Of course the biggest single question about health and technology is whether mobile phones will give you cancer. The amount of research is this area is staggering: in June a Hungarian study found that men who keep a mobile phone in their pockets have reduced their sperm count by 30 per cent; and in October, research from Sweden found that mobile-phone users were twice as likely to develop a particular kind of benign tumour. But for every study that indicates damage, there is another that says the phones are perfectly safe.

The Stewart report, published in the UK a year ago, reviewed all the evidence and concluded that it couldn’t draw any conclusions about the dangers of phone radiation. Instead it recommended that the public take a precautionary approach.

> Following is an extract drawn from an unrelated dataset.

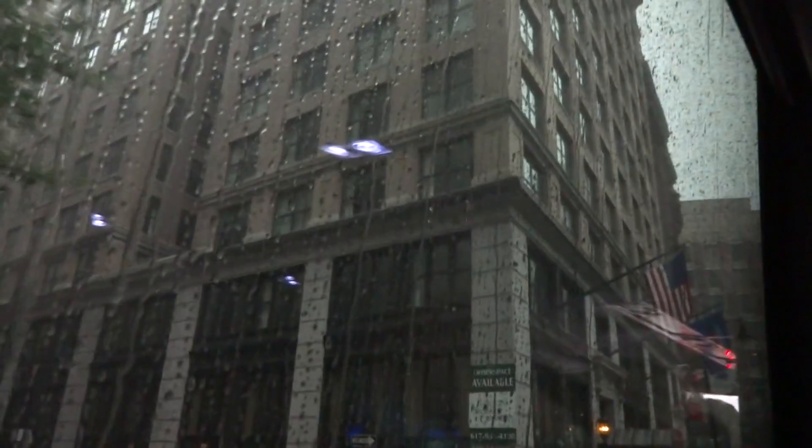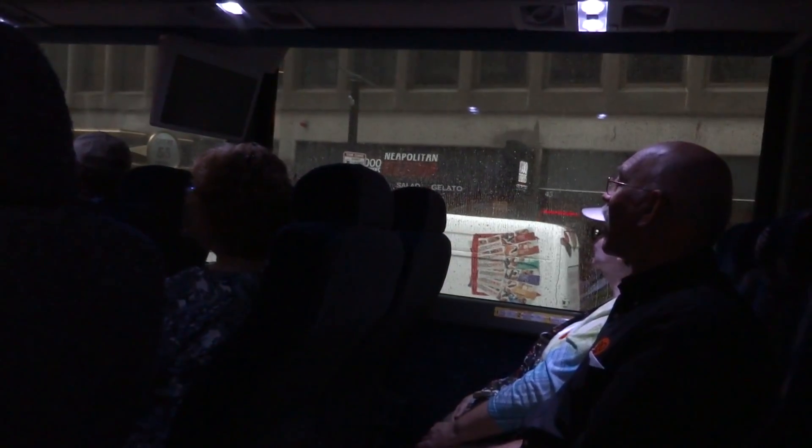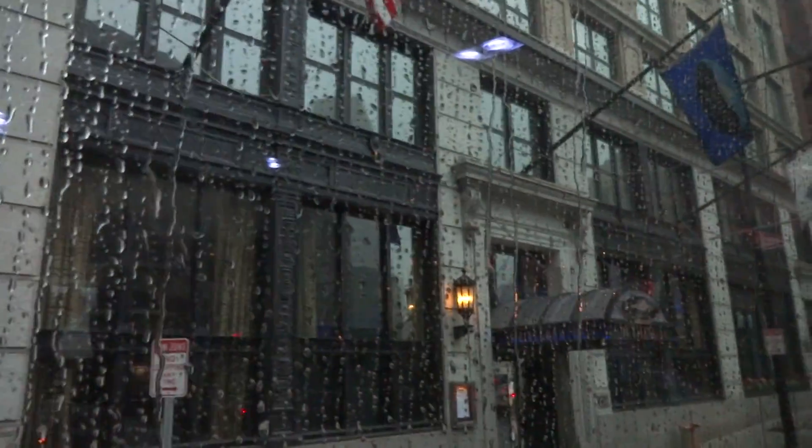Coming up on the right side, at the end of this building, you'll see a gold tea kettle. And if you look very closely, you'll see some steam coming out of the gold tea kettle. Today it sits on top of a Starbucks. But the tea kettle has been there a lot longer, over 150 years. Originally it was the logo of a company called the East India Tea Company.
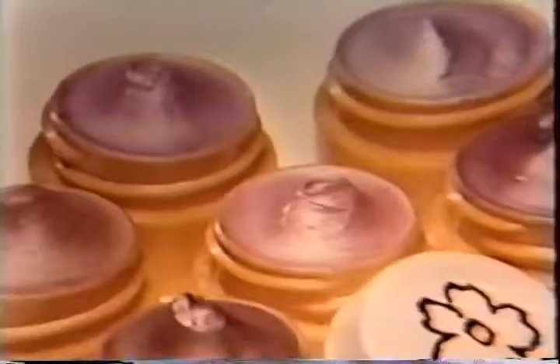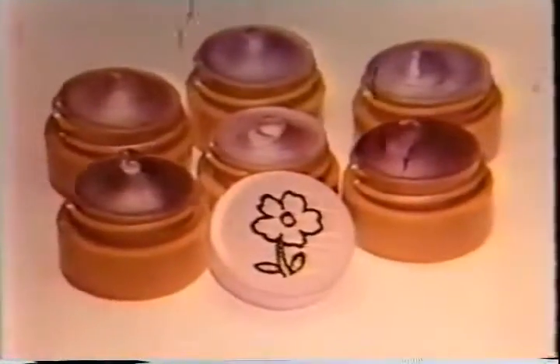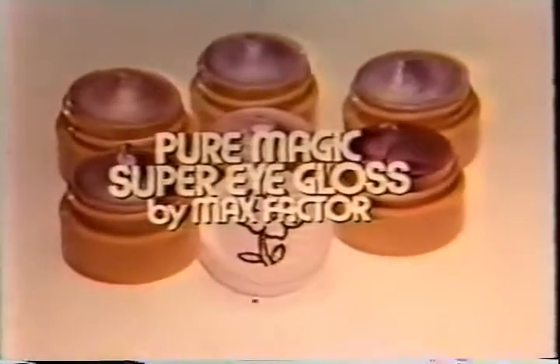Pure Magic Super Eye Gloss is hypoallergenic, dermatologist tested too. Super frosty, super glossy — super shades to put a gloss on your lids and a gleam in his eye. New Pure Magic Super Eye Gloss by Max Factor.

Even if you manage not to develop a tumour, mobile phones can still kill you in unexpected ways. Using a mobile phone is as dangerous as drink-driving. Driving while using a hands-free mobile increases your chance of crashing by four times - the same as drink-driving.

If you make it to the office without a mobile-related car accident, using a computer at work will cause you plenty of additional problems. Touch-typing can cause repetitive-strain injury, sitting hunched over your desk will give you backache, eating lunch at your desk makes your workplace more germ-riddled than a lavatory seat. Research from Japan suggests that staring at computer screens for hours on end can contribute to the onset of glaucoma, a progressive disease that gradually damages the optic nerve, eventually causing blindness. And so the list goes on.

Is it any wonder, then, that technology has been blamed for rising stress levels? Spend even the tiniest fraction of time on the internet and you will find yourself under siege. Spam, viruses and straightforward network crashes will all conspire to send your blood pressure spiralling. In Spain, people are paying for so-called “damage therapy”, where, for a fee, they are allowed to take a hammer to technology and vent all their frustration.

If you survive all that, and you still want to use a computer, you still need to be careful. In 2002 a 50-year-old man suffered severe burns to his penis after using a laptop for an hour. A letter describing the incident was published in the medical journal The Lancet.

But despite all this, technology is far from a blight on modern life. E-mail allows us to keep in touch with loved ones, and conduct business on a global scale. It brings almost everyone within our reach and is a great leveller - even Bill Gates gets spam, after all.

So as you enter your autumn years, you will probably look back at this technology revolution and wonder what all the fuss was about. You will have far more pressing concerns: the new-fangled teleporters are, frankly, a bit suspicious, and someone at the club mentioned that those self-driving car-planes have been going wonky and crashing again.